ATTKISSON: I have producer, Chris Scholl, who's excellent. He thinks with an investigative intellect and we work very well together. So he and I - after I write a story, he looks it over and makes any ideas or critiques. And he's going to be the one in the edit room putting the video together. It goes to Bill Pearsall, a senior producer up in New York, who will look at the script and give ideas. Simultaneously I've sent it to our CBS lawyers who will look at it and also just make sure we're on solid ground on everything or give ideas if they have any. And then ultimately Rick Kaplan will look at it, our executive producer, and if he has ideas we obviously take his ideas as well.
LAMB: How often have you had something kicked back to you?
ATTKISSON: Completely kicked back, I don't think ever.
LAMB: And when they object to something along the way, what is it?
ATTKISSON: Some - it's usually fairly simple. You know this phrase doesn't make sense, this should be clearer, why don't you move this sentence down, cut this out, you don't need it. That type of thing. It's fairly simple.
LAMB: We often see on the evening news shows stories that we might have read in a newspaper in the morning or two or three days before. How important is that to you?
ATTKISSON: I hate that. I try not to do those. I don't …
LAMB: Why do you hate it?
ATTKISSON: I think our job - if it's been in the paper, why do we want to give it to you again that night? And when I - the journalism school that I went to at University of Florida, you got an F if you copied out of the paper. That's just the mentality that I'm from. So our idea is to try to do something completely different and to bring the audience something they don't know about. So that's what Katie Couric wants to do, that's what our bosses want to do. They want to have value added to the evening newscast so that there's something there that you didn't get from the morning paper.

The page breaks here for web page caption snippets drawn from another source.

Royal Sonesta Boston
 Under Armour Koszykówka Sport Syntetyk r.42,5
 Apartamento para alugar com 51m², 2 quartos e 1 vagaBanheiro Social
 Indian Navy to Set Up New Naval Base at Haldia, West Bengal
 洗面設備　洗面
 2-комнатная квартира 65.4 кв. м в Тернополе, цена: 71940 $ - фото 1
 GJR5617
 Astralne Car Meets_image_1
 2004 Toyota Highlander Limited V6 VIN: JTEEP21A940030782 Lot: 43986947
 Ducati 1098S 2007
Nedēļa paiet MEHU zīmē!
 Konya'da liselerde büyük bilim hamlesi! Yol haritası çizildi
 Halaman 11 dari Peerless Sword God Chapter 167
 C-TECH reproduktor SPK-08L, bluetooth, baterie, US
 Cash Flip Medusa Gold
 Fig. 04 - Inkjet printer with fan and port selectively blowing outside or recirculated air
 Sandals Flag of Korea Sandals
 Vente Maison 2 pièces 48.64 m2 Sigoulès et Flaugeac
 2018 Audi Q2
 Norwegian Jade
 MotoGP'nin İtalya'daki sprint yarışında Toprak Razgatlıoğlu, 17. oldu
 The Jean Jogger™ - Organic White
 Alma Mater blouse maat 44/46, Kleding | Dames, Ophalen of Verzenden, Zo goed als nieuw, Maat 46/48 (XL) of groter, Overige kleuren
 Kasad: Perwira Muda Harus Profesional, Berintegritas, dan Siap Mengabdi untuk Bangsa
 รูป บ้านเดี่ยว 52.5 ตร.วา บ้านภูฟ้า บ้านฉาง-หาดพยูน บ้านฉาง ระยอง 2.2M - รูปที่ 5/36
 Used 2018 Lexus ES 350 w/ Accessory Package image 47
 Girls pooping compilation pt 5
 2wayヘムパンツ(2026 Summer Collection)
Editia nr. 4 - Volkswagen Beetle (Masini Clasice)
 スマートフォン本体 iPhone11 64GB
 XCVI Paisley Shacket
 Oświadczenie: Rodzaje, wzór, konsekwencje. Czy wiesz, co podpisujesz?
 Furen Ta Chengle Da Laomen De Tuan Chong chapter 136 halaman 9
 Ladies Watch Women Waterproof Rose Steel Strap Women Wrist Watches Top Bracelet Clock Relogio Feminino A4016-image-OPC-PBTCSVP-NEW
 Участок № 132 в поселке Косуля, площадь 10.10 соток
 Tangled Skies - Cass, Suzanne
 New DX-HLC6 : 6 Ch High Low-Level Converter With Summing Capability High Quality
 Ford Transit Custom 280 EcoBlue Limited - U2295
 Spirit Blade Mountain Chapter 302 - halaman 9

LAMB: So how honest is our government? I know that's a broad question.
ATTKISSON: Yes. It's a mixed bag. I would say I have met a few - I'm not fond of politicians in general, not to be mean. I have met a few who I think are fairly honest and good hearted and trying to do the right thing. But I have seen so much up here that smacks of things that people would find objectionable if they knew. I mean, we can't even tell them a fraction of the things that we know about having worked here and lived here. I'm sure you feel the same way. And I feel like there is a lot of deception or at least obfuscation going on with how our money is spent and how our laws are handled.
Almost every good issue that's brought up in Congress, I've come to think very little of it, is because of the grassroots concerns, because some lobbyist has gotten a member of Congress to call a hearing. It's very - the influences that happen upon our Capitol by outside forces are very stunning, and it's not really the grassroots voter people interests, by in large, in my opinion, that is dictating the agenda on Capitol Hill.
LAMB: CBS investigative reporter Sharyl Attkisson, we are finished, we have no more time. And I thank you very much.